Pharisee, dost thou see here how contrary thou art to righteous men?

Now then, where shall we find out one to parallel thee, but by finding him out that is called “the dragon;” for he it is that accuseth the poor sinners before God? Zech. iii.; Rev. xii.

“I am not as this Publican.” Modesty should have commanded thee to have bit thy tongue as to this. What could the angels think, but that revenge was now in thine heart, and but that thou comest up into the temple rather to boast of thyself and accuse thy neighbour, than to pray to the God of heaven; for what petition is there in all thy prayer, that gives the least intimation that thou hast the knowledge of God or thyself? Nay, what petition of any kind is there in thy vain-glorious oration from first to last? Only an accusation drawn up, and that against one helpless and forlorn; against a poor man, because he is a sinner; drawn up, I say, against him by thee, who canst not make proof of thyself that thou art righteous; but come to proofs of righteousness, and thou art wanting also. What, though thy raiment is better than his, thy skin may be full as black; yea, what if thy skin be whiter than his, thy heart may be yet far blacker.

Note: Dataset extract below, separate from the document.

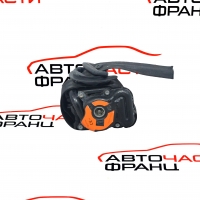 Преден десен колан Audi A1 1.6 TDI 105 конски сили      8X4857706A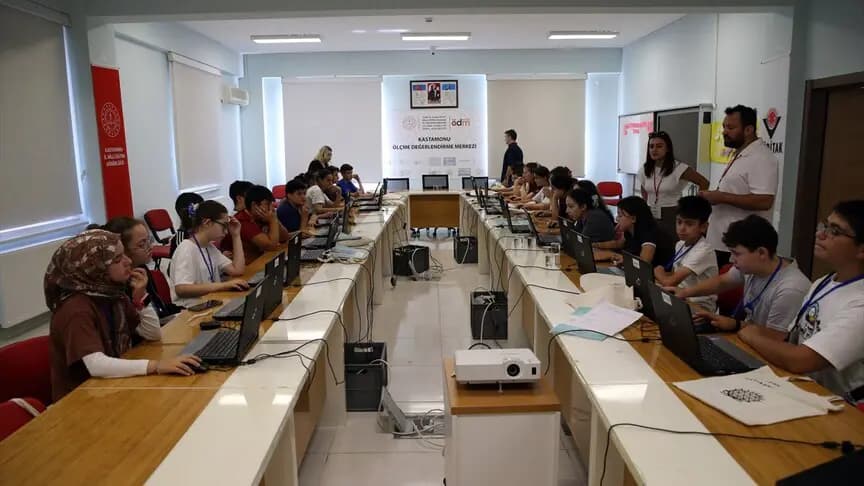"Dijital Kaşifler" geleceğin şehirlerine yön verecek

Yea, it is so, for the truth hath spoken it; for within, you are full of excess and all uncleanness; Matt. xxiii.

Pharisee, these are transgressions against the second table, and the Publican shall be guilty of them; but there are sins also against the first table, and thou thyself art guilty of them.

The Publican, in that he was an extortioner, unjust and an adulterer, made it thereby manifest that he did not love his neighbour; and thou by making a god, a saviour, a deliverer, of thy filthy righteousness, dost make it appear, that thou dost not love thy God; for as he that taketh, or that derogateth from his neighbour in that which is his neighbour’s due, sinneth against his neighbour; so he that taketh or derogateth from God, sinneth against God.

Now, then, though thou hast not, as thou dost imagine, played at that low game as to derogate from thy neighbour; yet thou hast played at that high game as to derogate from thy God; for thou hast robbed God of the glory of salvation; yea, declared, that as to that there is no trust to be put in him. “Lo, this is the man that made not God his strength; but trusted in the abundance of his riches, and strengthened himself in his wickedness;” Psalm lii. 7.

What else means this great bundle of thy own righteousness, which thou hast brought with thee into the temple? yea, what means else thy commending of thyself because of that, and so thy implicit prayer, that thou for that mightst find acceptance with God?

All this, what does it argue, I say, but thy diffidence of God? and that thou countest salvation safer in thine own righteousness than in the righteousness of God? and that thy own love to, and care of thy own soul, is far greater, and so much better, than is the care and love of God? And is this to keep the first table; yea, the first branch of that table, which saith, “Thou shalt love the Lord thy God?” for thy thus doing cannot stand with love to God?

How can that man say, I love God, who from his very heart shrinketh to trust in him?